With the conclusion of the Second World War, Nazi atrocities perforce ended. However, Soviet oppression of the Poles continued. Under Stalin, thousands of soldiers of Poland's Home Army (Armia Krajowa) and returning veterans of the Polish Armed Forces that had served with the Western Allies were imprisoned, tortured by NKWD agents (see: W. Pilecki, Ł. Ciepliński) and murdered following staged trials like the infamous Trial of the Sixteen in Moscow. Similar fate awaited the Cursed soldiers. At least 40,000 members of Poland’s Home Army were deported to Russia.[32]
During the political transformations of the Soviet controlled Eastern block in the 1980s, the traditional German anti-Polish feeling was again blatantly exploited in GDR against Solidarność. This tactic had become especially apparent in the "rejuvenation of 'Polish jokes,' some of which reminded listeners of the spread of such jokes under the Nazis."[33]

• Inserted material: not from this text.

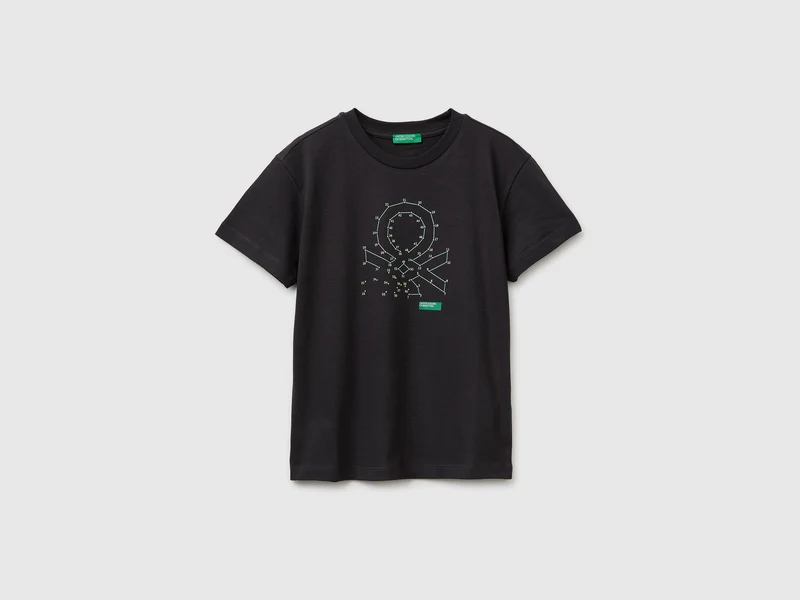 T-shirt in cotone bio con stampa logo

Polish death camps controversy
Instances of anti-Polish sentiment are being attributed today to a number of descriptive terms used by non-Polish media in relation to World War II. The most prominent example being the continued Western media reference to the "Polish death camps" or "Polish concentration camps".[34][35][36]
The phrase refers to the network of German concentration camps, set up and run by Nazi Germany on occupied Polish lands. A large percentage of the millions of victims of those camps included Poles. However, the potentially confusing media reference tends to shift the responsibility for those camps onto them.

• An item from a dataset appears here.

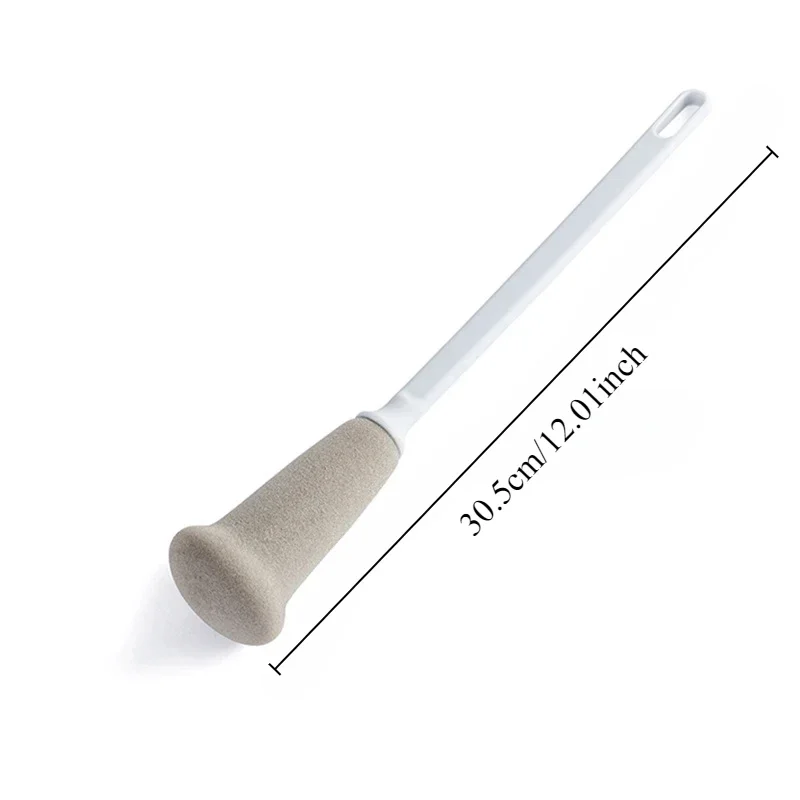 1pc Long handled sponge brush Bottle washing brush Can be hung Cup brush Quick drying No dead corners Kitchen utensils 2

The Polish Ministry of Foreign Affairs as well as the Polish organizations around the world and all Polish governments since 1989 condemned the usage of such expressions often originating in carelessness. The American Jewish Committee stated in its January 30, 2005 press release: "This is not a mere semantic matter. Historical integrity and accuracy hang in the balance.... Any misrepresentation of Poland's role in the Second World War, whether intentional or accidental, would be most regrettable and therefore should not be left unchallenged."[37]
Most notable examples of an ongoing controversy include the April 30, 2004 CTV News report making references to "the Polish camp in Treblinka". The Polish embassy in Canada lodged a complaint with CTV. Robert Hurst of CTV, however, argued that the expression, "Polish death camp", is common usage in news organizations including those in the United States, and declined to issue a correction.[38]

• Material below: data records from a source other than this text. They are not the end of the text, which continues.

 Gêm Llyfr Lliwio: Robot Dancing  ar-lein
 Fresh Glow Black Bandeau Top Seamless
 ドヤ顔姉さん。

The Polish Ambassador to Ottawa then complained to the National Specialty Services Panel of the Canadian Broadcast Standards Council. The Council did not accept Hurst's argument and ruled against CTV stating that the word ""Polish"—similarly to such adjectives as "English", "French" and "German"—had connotations that clearly extended beyond geographic context. Its use with reference to Nazi extermination camps was misleading and improper". CTV broadcasted the decision during prime time.[39]
The Polish Ministry of Foreign affairs has stated. "That example of a successful campaign against the distortion of historic truth by the media—and in defense of the good name of Poland—will hopefully reduce the number of similar incidents in the future". Also cited as a similar example of anti-Polish sentiment, is the phrase "Polish Nazis" used in relation to non-Polish paramilitary groups operating on Polish soil during World War II,[40] disseminated by Norwegian State Broadcasting Corporation, NRK.[41] The Yad Vashem Institute in Jerusalem officially considered this claim by NRK a falsification "offensive to historical truth".[40]
Polish jokes
The so called "Polish jokes" belong to a category of conditional jokes, which means that their understanding requires knowledge of "what a Polish joke is." Conditional jokes depend upon the audience's affective preference, or their likes and dislikes. Although these jokes might be understood by many, their success depends entirely upon the negative disposition of the listener.[42]
Presumably the first Polish jokes by German DPs (displaced persons) fleeing war-torn Europe were brought to America in the late 1940s. These jokes were fuelled by ethnic slurs disseminated by German National Socialist propaganda, which attempted to justify the Nazi murder by presenting Poles as "dreck", dirty, stupid and inferior.[43] It is also possible that some of the earliest American Polack jokes from Germany, were originally told before World War II in disputed border-regions such as Silesia.[44]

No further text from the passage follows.